*** Records for processing ***

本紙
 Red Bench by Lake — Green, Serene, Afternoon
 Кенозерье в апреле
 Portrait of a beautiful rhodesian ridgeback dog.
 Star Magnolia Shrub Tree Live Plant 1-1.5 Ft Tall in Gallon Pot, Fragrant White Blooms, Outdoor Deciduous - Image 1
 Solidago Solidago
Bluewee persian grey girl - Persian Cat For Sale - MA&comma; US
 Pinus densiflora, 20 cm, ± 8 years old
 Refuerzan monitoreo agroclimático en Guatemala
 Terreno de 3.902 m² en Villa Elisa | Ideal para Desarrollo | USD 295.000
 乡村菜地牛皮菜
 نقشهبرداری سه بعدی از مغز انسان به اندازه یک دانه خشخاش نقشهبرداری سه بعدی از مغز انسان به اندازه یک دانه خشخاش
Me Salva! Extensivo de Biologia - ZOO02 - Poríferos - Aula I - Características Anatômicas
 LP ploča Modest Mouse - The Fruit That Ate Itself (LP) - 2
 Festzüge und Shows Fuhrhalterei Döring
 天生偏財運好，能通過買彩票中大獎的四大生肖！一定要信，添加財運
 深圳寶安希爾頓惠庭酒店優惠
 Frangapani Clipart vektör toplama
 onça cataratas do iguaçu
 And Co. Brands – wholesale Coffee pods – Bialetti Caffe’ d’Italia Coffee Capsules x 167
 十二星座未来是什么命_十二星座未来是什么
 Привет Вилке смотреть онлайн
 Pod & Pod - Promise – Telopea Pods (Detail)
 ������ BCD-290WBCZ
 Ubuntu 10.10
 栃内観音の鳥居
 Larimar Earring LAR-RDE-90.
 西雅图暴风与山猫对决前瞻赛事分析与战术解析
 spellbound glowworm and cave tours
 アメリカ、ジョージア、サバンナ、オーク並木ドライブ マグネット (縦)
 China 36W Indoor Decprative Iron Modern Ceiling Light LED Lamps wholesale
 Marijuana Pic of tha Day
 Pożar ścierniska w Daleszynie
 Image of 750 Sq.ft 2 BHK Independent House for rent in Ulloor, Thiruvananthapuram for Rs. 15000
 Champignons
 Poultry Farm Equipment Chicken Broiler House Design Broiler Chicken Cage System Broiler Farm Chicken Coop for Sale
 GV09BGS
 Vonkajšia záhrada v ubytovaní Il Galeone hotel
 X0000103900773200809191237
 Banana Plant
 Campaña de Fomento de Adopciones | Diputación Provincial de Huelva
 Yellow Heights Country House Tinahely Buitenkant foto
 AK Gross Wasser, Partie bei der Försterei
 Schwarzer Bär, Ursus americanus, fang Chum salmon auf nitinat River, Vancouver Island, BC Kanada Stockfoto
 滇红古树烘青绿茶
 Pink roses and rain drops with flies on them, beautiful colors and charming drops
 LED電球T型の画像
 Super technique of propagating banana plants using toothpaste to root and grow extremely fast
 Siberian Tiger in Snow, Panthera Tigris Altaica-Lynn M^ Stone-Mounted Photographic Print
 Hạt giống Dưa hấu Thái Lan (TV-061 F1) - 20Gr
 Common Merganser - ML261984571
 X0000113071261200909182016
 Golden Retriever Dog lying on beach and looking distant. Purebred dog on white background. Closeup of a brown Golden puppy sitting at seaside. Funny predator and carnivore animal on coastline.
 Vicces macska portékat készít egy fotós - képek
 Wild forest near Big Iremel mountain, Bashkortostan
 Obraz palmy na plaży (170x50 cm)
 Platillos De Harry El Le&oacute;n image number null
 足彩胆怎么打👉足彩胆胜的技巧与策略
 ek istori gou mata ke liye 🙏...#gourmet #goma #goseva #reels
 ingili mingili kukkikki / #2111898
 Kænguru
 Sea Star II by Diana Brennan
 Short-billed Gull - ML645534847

*** End of Records for processing ***

* Task description
When the word "wholesale" appears in a line of the listing, copy that line.

* Task result
 And Co. Brands – wholesale Coffee pods – Bialetti Caffe’ d’Italia Coffee Capsules x 167
 China 36W Indoor Decprative Iron Modern Ceiling Light LED Lamps wholesale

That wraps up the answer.